__Task objective__
Transcribed word for word, the lines below from the one with "صفحه 46 از 269" through the last line of the records form the answer; no picture is to be included.

——————

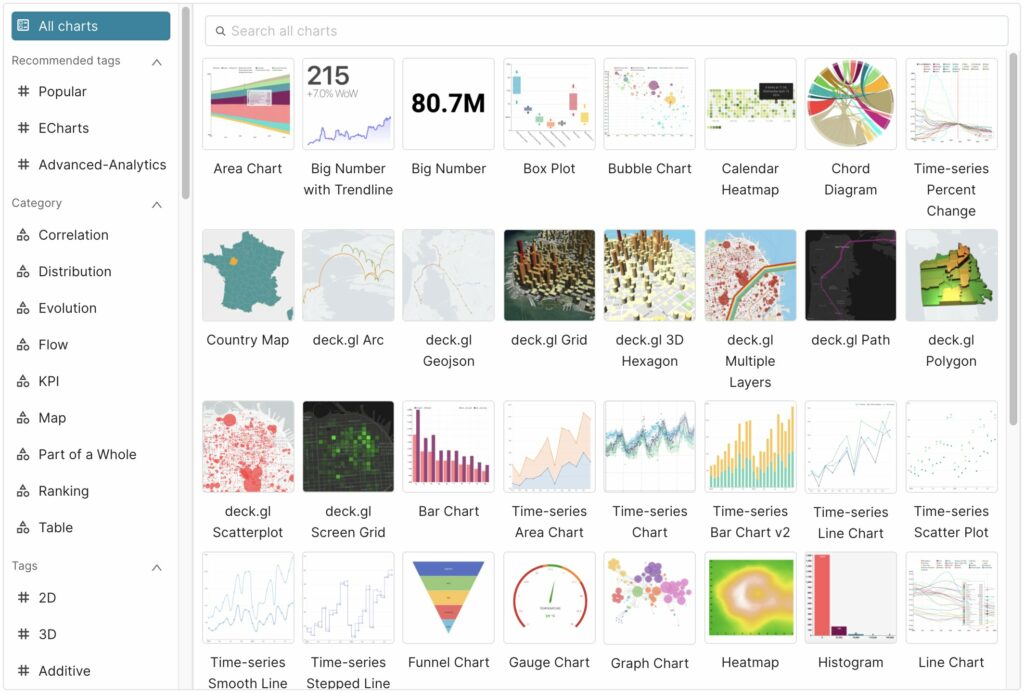 Sample Apache Superset Charts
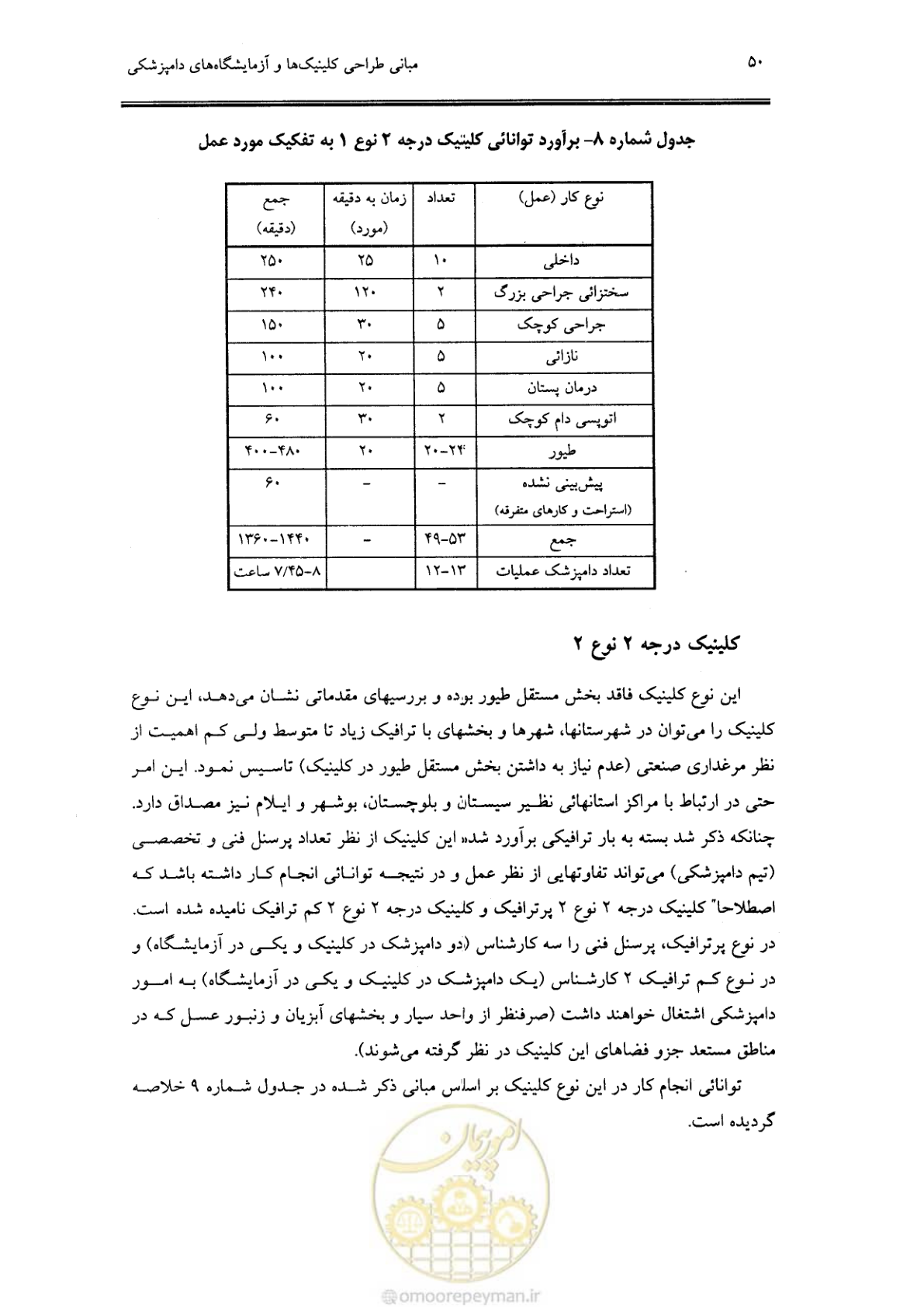 صفحه 46 از 269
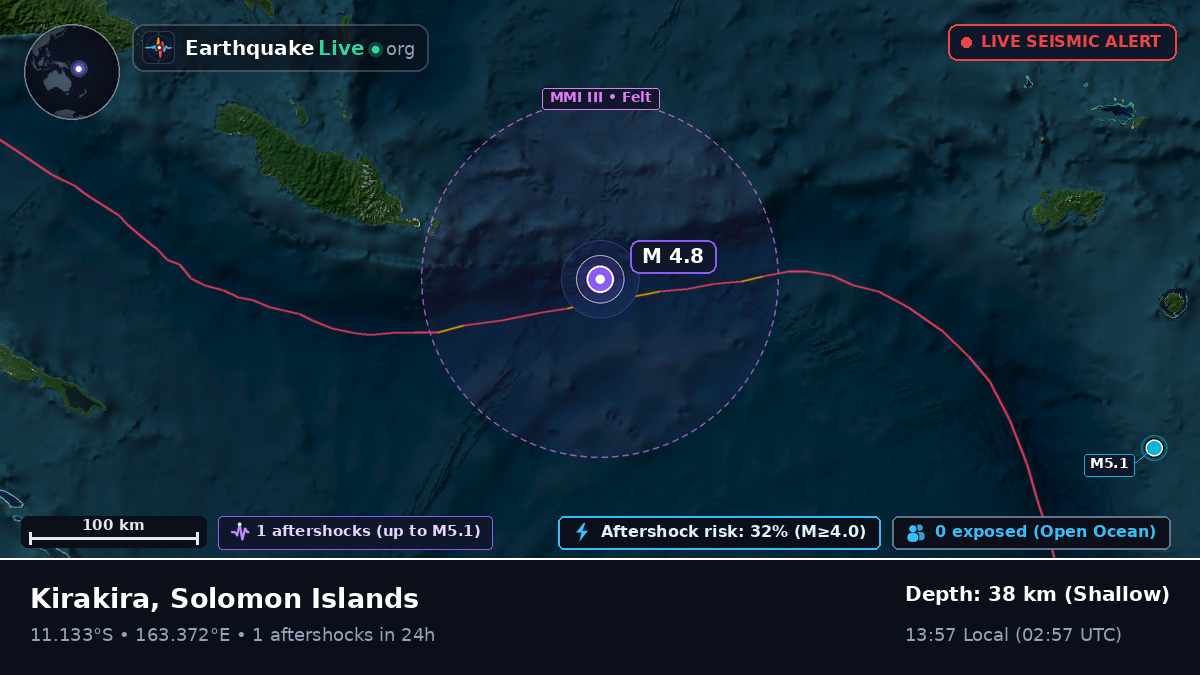 Coral Sea (Solomon Islands)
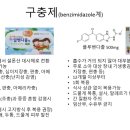 우리생한약국 네이버블로그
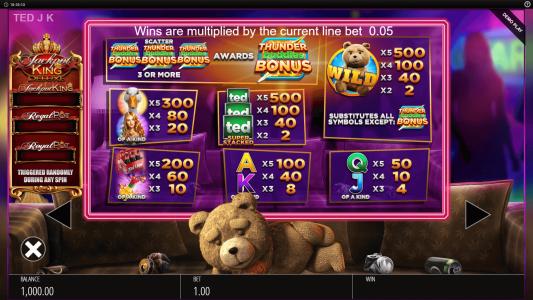 Ted Jackpot King Slot Machine Paytable Screen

——————

__Your response__
 صفحه 46 از 269
 Coral Sea (Solomon Islands)
 우리생한약국 네이버블로그
 Ted Jackpot King Slot Machine Paytable Screen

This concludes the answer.